After earning a BSc (Hons) in Biology from the University of Bristol, I was awarded an MSc from the University of Durham. My PhD studies were conducted at Long Ashton Research Station, and I was awarded a PhD at the University of Bristol, UK, in 2001. Following a brief postdoc at the University of Bristol, I relocated to Australia in 2002 to serve as a senior research scientist at DPI-Victoria. Transitioning back to academia in 2007, I assumed leadership of a research group at the University of Queensland as an ARC QEII Research Fellow. In 2014, I moved to the University of Western Australia to pursue my ARC Future Fellowship. As an ARC Laureate Fellow, I lead a plant genetics and genomics research group within the School of Biological Sciences, focusing on disease resistance in Brassicas.

Research interests 

Crop Improvement

Crop production is limited by disease and drought, and the global demand often exceeds the production capabilities of current cultivars.

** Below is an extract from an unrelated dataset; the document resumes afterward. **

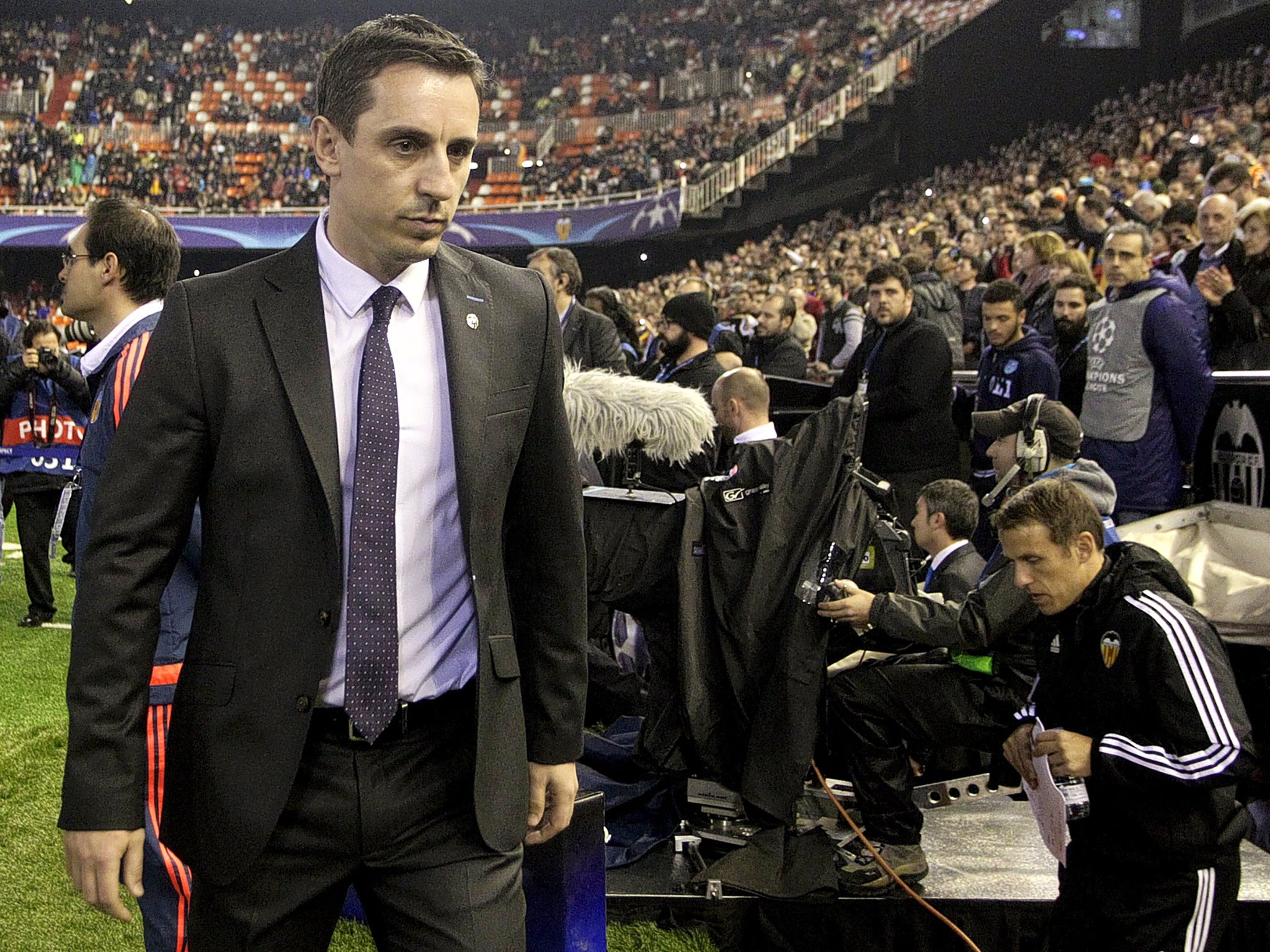 &#13;
Gary Neville will stay at Valencia until the job is done&#13;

I develop and apply breakthrough biotechnological advances for crop improvement through the identification of genomic regions controlling traits, which are being translated to commercial outcomes. I have a focus on Brassica species, such as canola, and these novel methods are leading to an increase in the yield of this important crop, thus contributing to national exports and increasing global food security. My identification of genes linked to shatter tolerance, blackleg disease resistance and oil quality has already led to the development of new canola cultivars with enhanced productivity, profit, and yield stability. Whilst much of the work is focused on Brassicas, I also apply these technologies to other crops, including wheat, chickpea and soybean.

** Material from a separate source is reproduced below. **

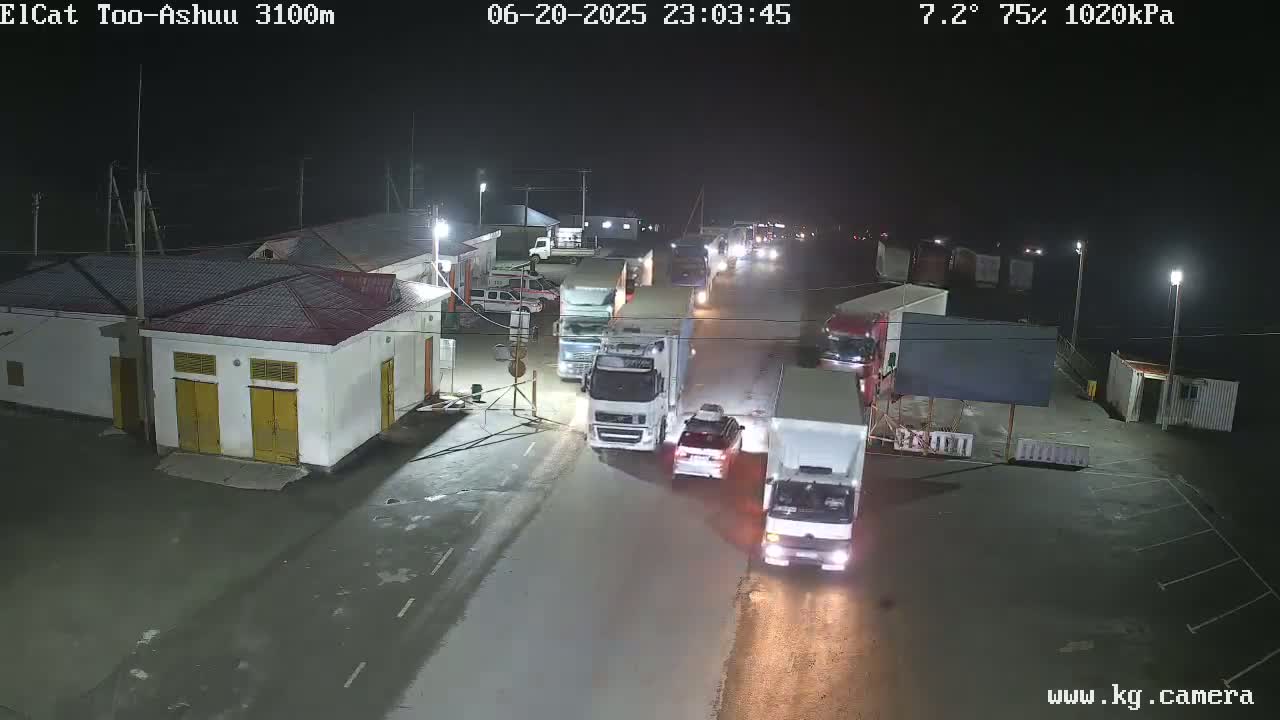 At night, several trucks and cars are stopped on a roadway in front of buildings under a clear sky with a temperature of 7.2 degrees and 75% humidity.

Evolution of disease resistance genes

Plant disease resistance genes play a critical role in providing resistance against pathogens. The largest families of resistance genes are the nucleotide-binding site, leucine-rich repeat genes (NBS-LRRs), and receptor-like proteins (RLPs). Hundreds of these genes are present within the genome, however the evolutionary history of these genes is not fully understood. Genome-wide identification of these genes within and between species allows for the study of which genes are core to a species or family and which have variable roles. We have projects to identify all these genes within Brassica species and wild relative species, perform comparative analysis within and between them, and provide an understanding of the evolution of these genes and their role in disease resistance. As part of this, we focus on pan-genomics.

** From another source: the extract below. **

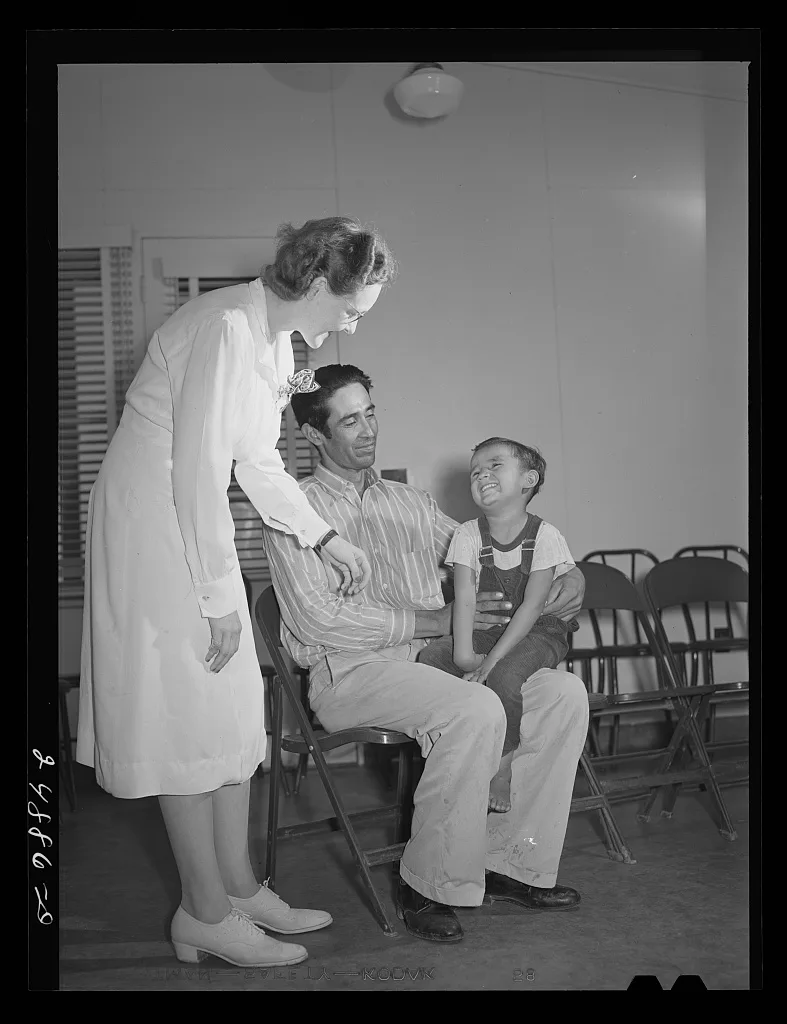 Doris Dill, nurse, and patient in clinic. Robstown camp, Texas, 1942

Genomics of Plant pathogen interactions

Research on the interactions between plants and pathogens has become one of the most rapidly moving fields in the plant sciences, findings of which have contributed to the development of new strategies and technologies for crop protection. A good example of plant and pathogen evolution is the gene-for-gene interaction between the fungal pathogen Leptosphaeria maculans, the causal agent of Blackleg disease, and Brassica crops (canola, mustard, cabbage, cauliflower, broccoli, Brussels sprouts). The newly available genome sequences for Brassica spp., wild relatives and L. maculans provide the resources to study the co-evolution of these plants and the pathogen. I use next-generation sequencing technologies to characterise the diversity and evolution of these genes in different wild and cultivated Brassica species, undertake phenotypic analysis of the disease in a variety of cultivars and species and perform association genetics to link to the phenotype and identify novel sources of resistance.